What do primary elections have to do with such effective agenda control? Not nearly as much as the basketball finals approach to tallying total wins and losses implies. In a way, unpredictable and somewhat random victories against fairly safe Republican power-brokers are the most effective outcomes for Tea Party voters and funders. Sure, the big Tea Party funders would like to have gotten a win for Chris McDaniel, their guy in Mississippi, and they are furious that they did not. But backing up and looking at the big picture, does anyone really imagine that nervous GOP officeholders are reassured that the Tea Party is dead or "under control" following a scenario in which old timer Thad Cochran had to raise millions for what should have been a taken-for-granted primary victory, and his allies had to orchestrate an all-out voter mobilization effort that even reached out to some African American Democrats? Cochran's near-death sends a powerful message that loudly hewing hard-right on policy issues and obstruction is the way to go. Similarly, Eric Cantor's huge defeat is even more frightening to many Republican politicians because it happened without big-money backing from the likes of Heritage Action. Cantor looked golden but, somehow, unpredictable Tea Party and Christian right voters in central Virginia turned out in surprisingly large numbers to hand him a defeat and, in effect, thumb their noses even at professional Tea Party organizations. What surprises from below could lurk for me, Cantor's Republican House colleagues in many apparently safe GOP districts must wonder.

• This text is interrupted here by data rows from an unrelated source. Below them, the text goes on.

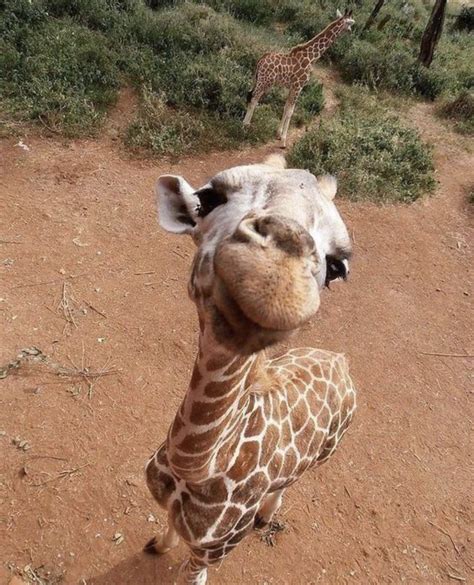 Mirosan On Twitter Un Bacino Giraffino A Tutt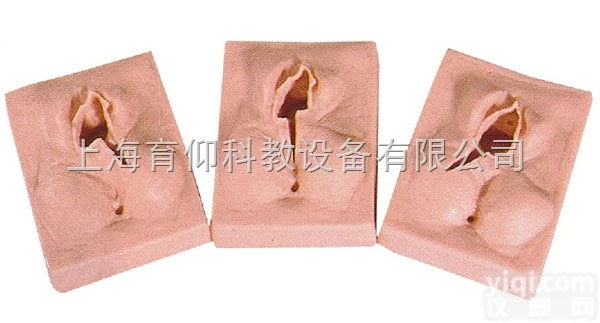 <em>外阴</em><em>缝合</em>练习模型|妇产胎儿技能训练模型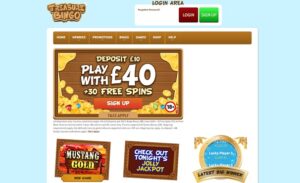 Treasure Bingo Website 1
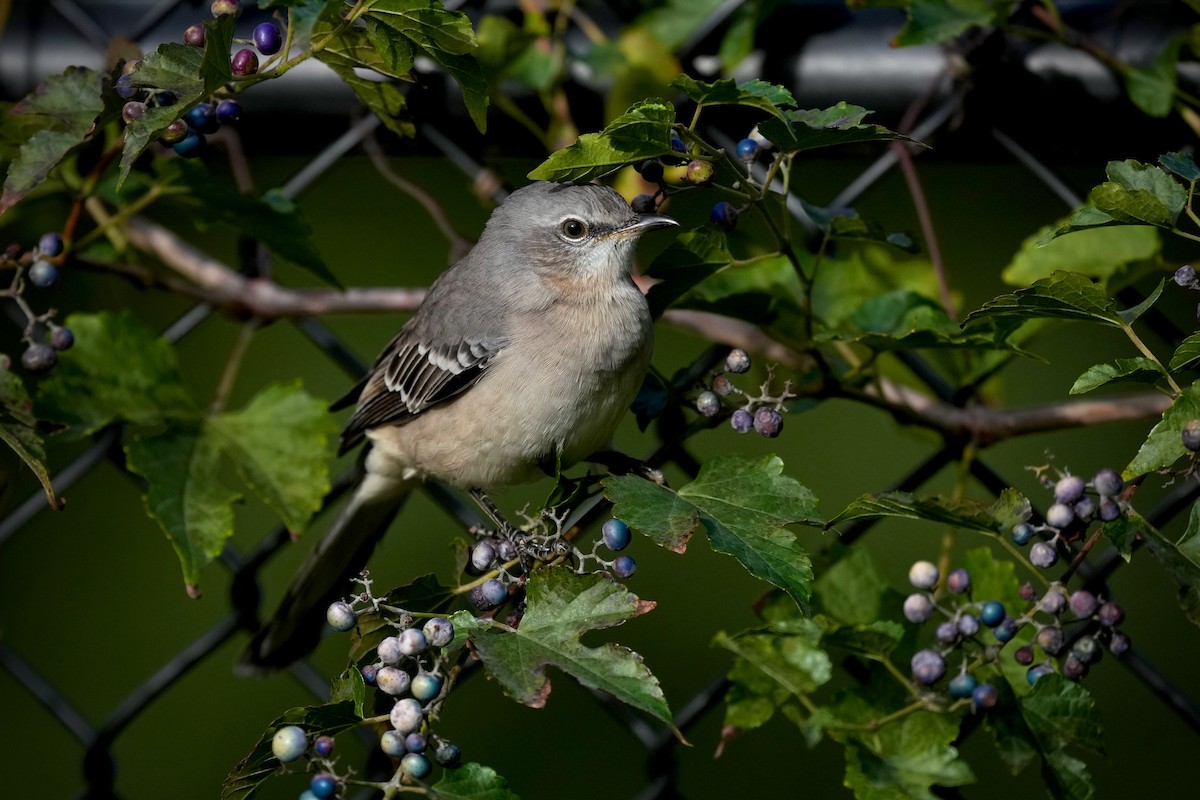 Пересмішник багатоголосий - ML646266512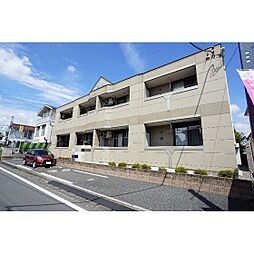 キャピタル　パイン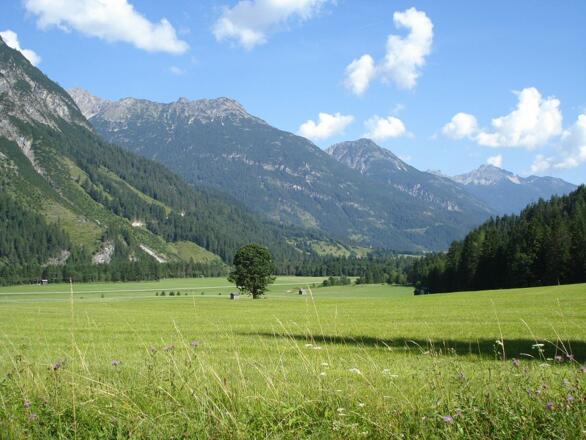Blumenwiese vor Elmen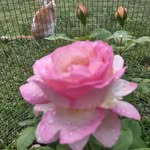 Robin Hilburn Holcomb - @robin.k.hilburn - Instagram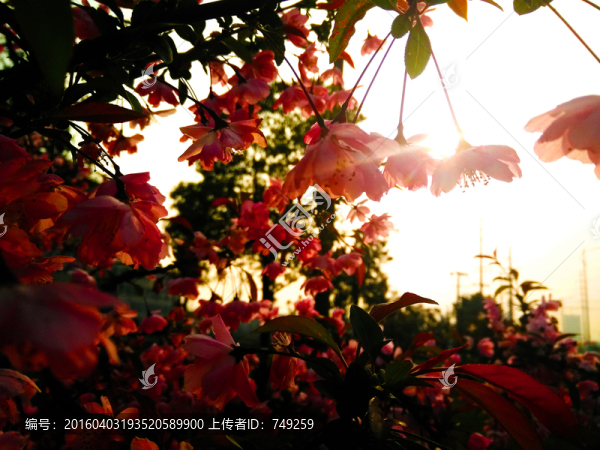 桃花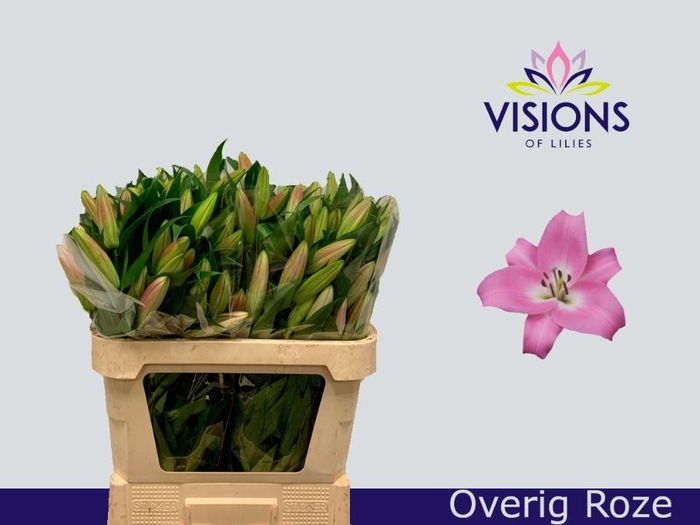 <h4>LI. OR OV 2+ ROZE</h4>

After 2007, in short, top-down and bottom-up Tea Party forces formed an uncontrolled pincers movement to push already very conservative Republicans into obstructionist and non-compromising styles of governance. Primary election challenges matter in this effort, but (like shocks to experimental rats in mazes) outright wins need happen only very sporadically to keep the attention of Republican candidates and officeholders – whose ranks in any event by now include many quite sincere extreme ideologues. The hard truth the Beltway media tries to avoid facing is that the U.S. Republican Party has moved, and remains, far from where mainstream American voters stand on virtually all of the major public policy issues of the day. That matters hugely for what the U.S. federal and many state governments can and will do about major public policy challenges, because the Republican Party is one of just two major players in U.S. government. Popularity in national polls and a majority of election wins do not matter as long as Tea Party pincers keep a stranglehold on GOP leaders and legislative agendas. As of the summer of 2014, they are doing just fine at that – and almost certainly will continue to do so for some time to come.
This analysis is part of a Scholars Strategy Network forum on the future of the Republican Party. The Scholars Strategy Network is a nationwide, nonpartisan organization of university-based scholars dedicated to providing research to improve public policy and strengthen democracy.
Theda Skocpol is Director of the Scholars Strategy Network and Victor S. Thomas Professor of Government and Sociology at Harvard University. Click here to learn more about Theda's research and advocacy.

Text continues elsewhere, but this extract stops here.